## EXERCISE INSTRUCTIONS
Stop after the line with "Detalle de Lusenone". Up to that point, output every line of the listing below exactly from the first one onward, skipping pictures.

─── PROVIDED MATERIAL

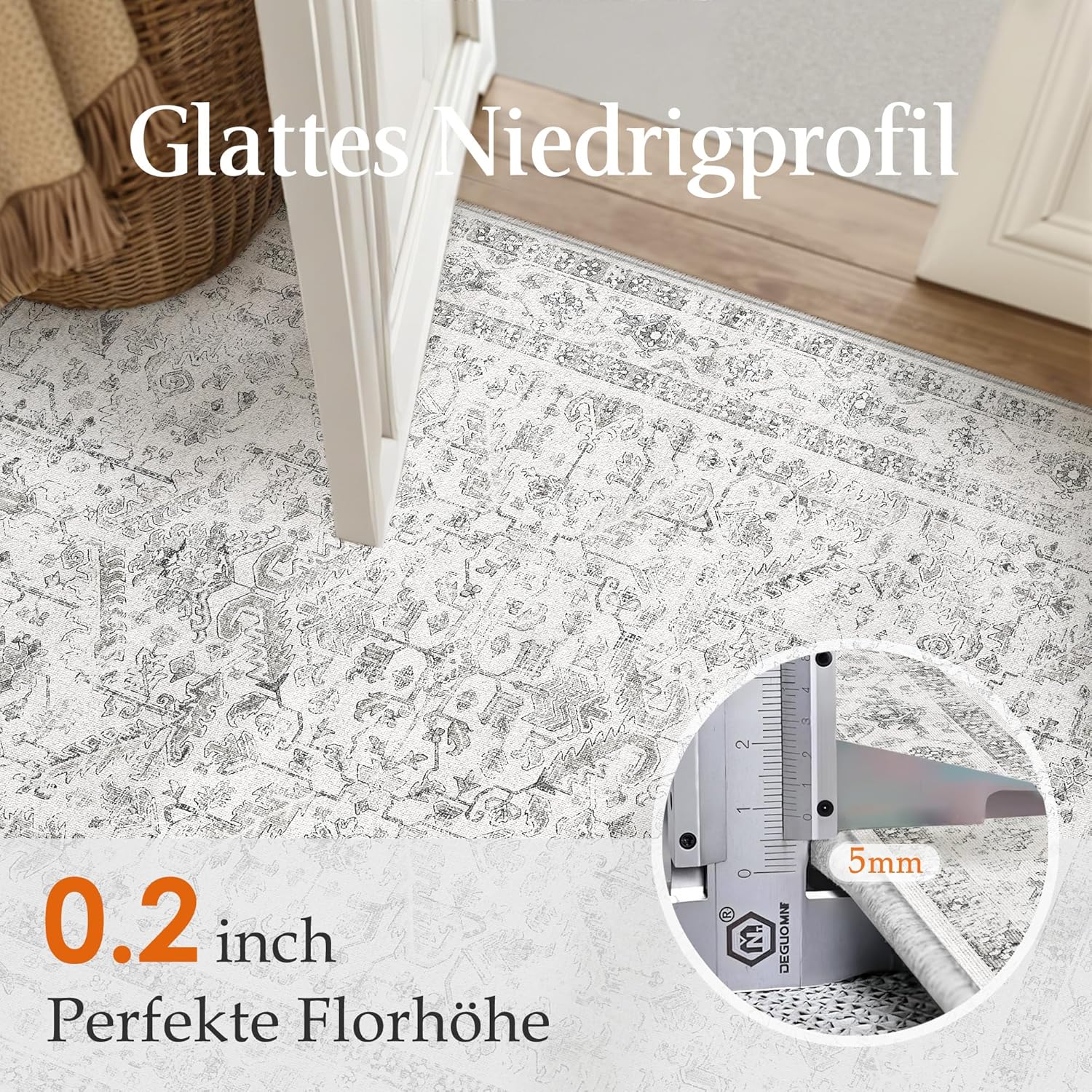 Thumbnail 4 de PureCozy Vintage Grauer Teppich 200x300cm – rutschfeste, waschbare Kurzflor-Option für Wohn- und Arbeitsräume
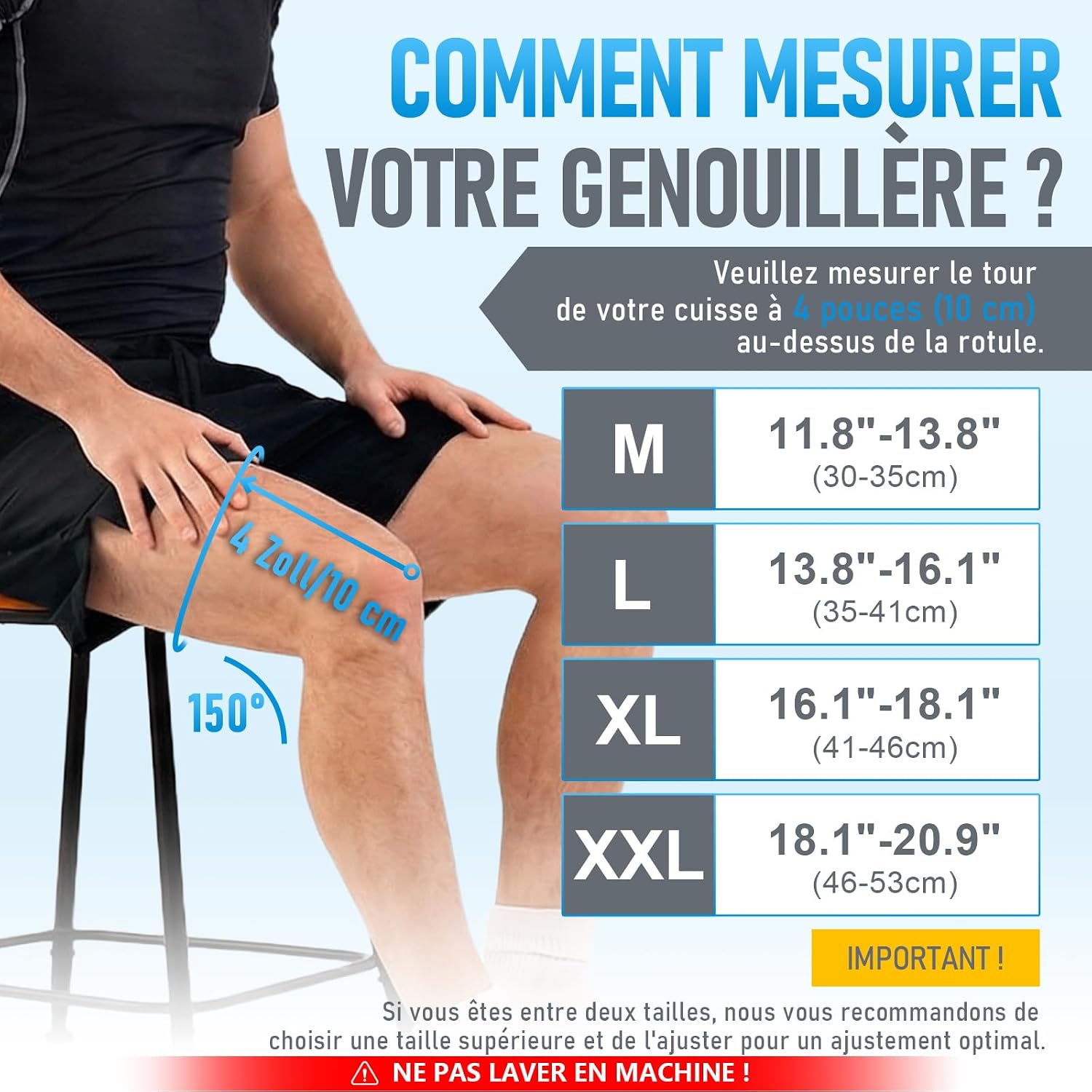Detalle de Lusenone Genouillère Sport réglable femme et homme avec stabilisateurs latéraux — XXL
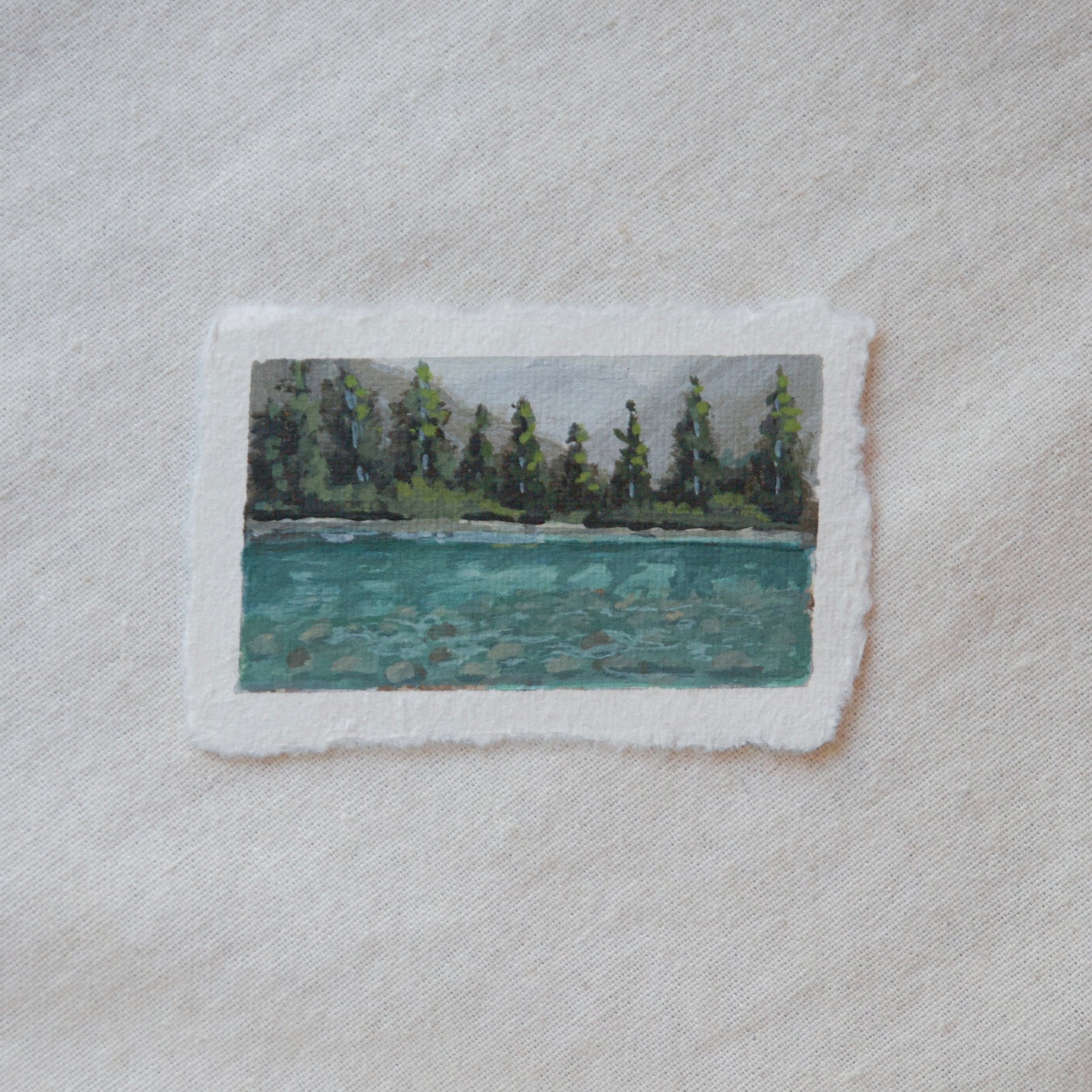 Skagit river view miniature gouache painting from North Cascades National Park by Laura Van Moorleghem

──────

## ANSWER TO THIS EXERCISE
 Thumbnail 4 de PureCozy Vintage Grauer Teppich 200x300cm – rutschfeste, waschbare Kurzflor-Option für Wohn- und Arbeitsräume
Detalle de Lusenone Genouillère Sport réglable femme et homme avec stabilisateurs latéraux — XXL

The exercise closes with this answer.